Aim of the task:
The expected response is the full listing, retyped exactly, without its images.

Record set:

--- START ---

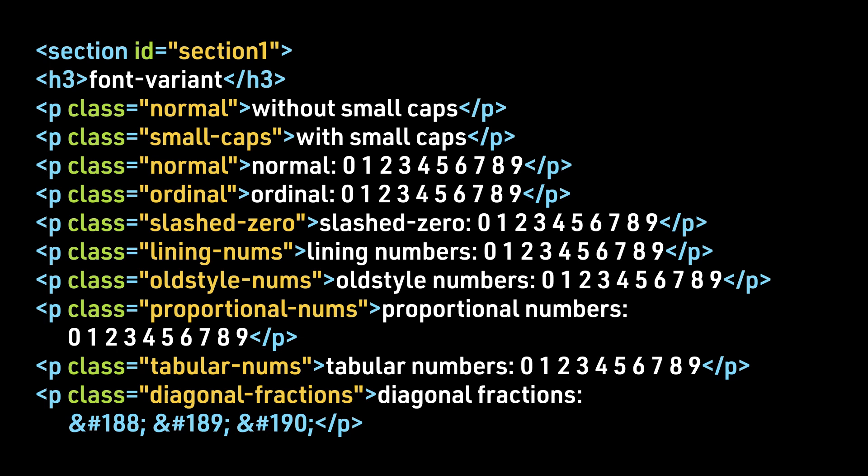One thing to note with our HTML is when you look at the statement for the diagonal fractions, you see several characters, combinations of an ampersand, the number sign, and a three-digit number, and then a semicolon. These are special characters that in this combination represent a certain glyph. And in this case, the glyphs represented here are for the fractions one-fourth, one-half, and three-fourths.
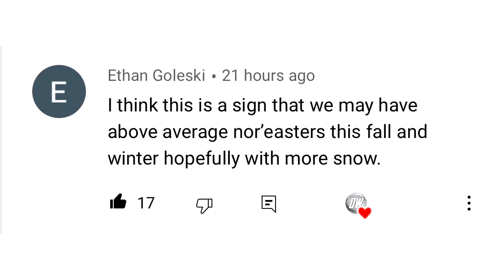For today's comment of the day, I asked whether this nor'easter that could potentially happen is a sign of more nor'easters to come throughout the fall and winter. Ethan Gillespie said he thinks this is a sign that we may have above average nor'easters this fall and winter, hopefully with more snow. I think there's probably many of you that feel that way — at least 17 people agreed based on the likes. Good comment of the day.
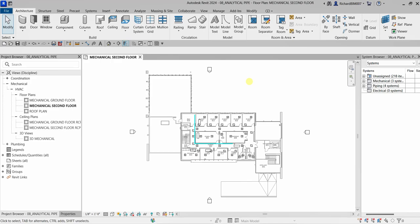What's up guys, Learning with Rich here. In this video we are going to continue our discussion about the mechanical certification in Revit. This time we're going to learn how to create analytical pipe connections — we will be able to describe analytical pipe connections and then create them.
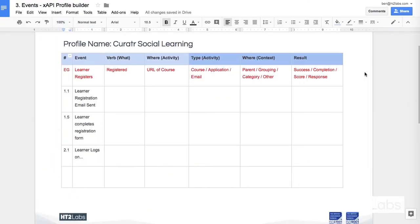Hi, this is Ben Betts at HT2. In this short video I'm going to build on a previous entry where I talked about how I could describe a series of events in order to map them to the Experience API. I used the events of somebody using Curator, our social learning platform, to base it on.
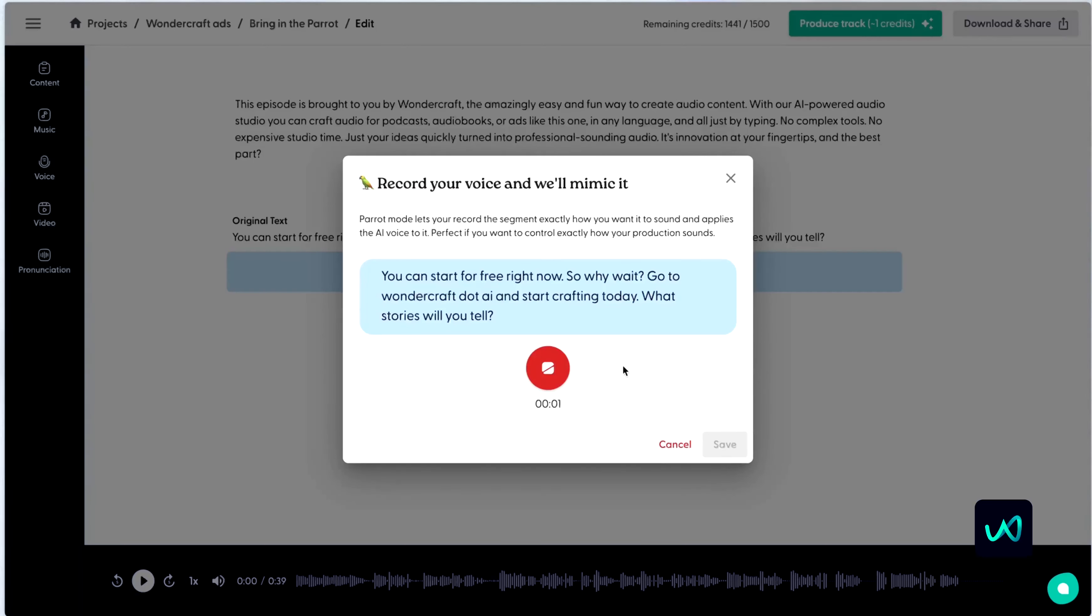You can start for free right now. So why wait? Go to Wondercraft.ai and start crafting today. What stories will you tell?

--- END ---

Exercise solution:
One thing to note with our HTML is when you look at the statement for the diagonal fractions, you see several characters, combinations of an ampersand, the number sign, and a three-digit number, and then a semicolon. These are special characters that in this combination represent a certain glyph. And in this case, the glyphs represented here are for the fractions one-fourth, one-half, and three-fourths.
For today's comment of the day, I asked whether this nor'easter that could potentially happen is a sign of more nor'easters to come throughout the fall and winter. Ethan Gillespie said he thinks this is a sign that we may have above average nor'easters this fall and winter, hopefully with more snow. I think there's probably many of you that feel that way — at least 17 people agreed based on the likes. Good comment of the day.
What's up guys, Learning with Rich here. In this video we are going to continue our discussion about the mechanical certification in Revit. This time we're going to learn how to create analytical pipe connections — we will be able to describe analytical pipe connections and then create them.
Hi, this is Ben Betts at HT2. In this short video I'm going to build on a previous entry where I talked about how I could describe a series of events in order to map them to the Experience API. I used the events of somebody using Curator, our social learning platform, to base it on.
You can start for free right now. So why wait? Go to Wondercraft.ai and start crafting today. What stories will you tell?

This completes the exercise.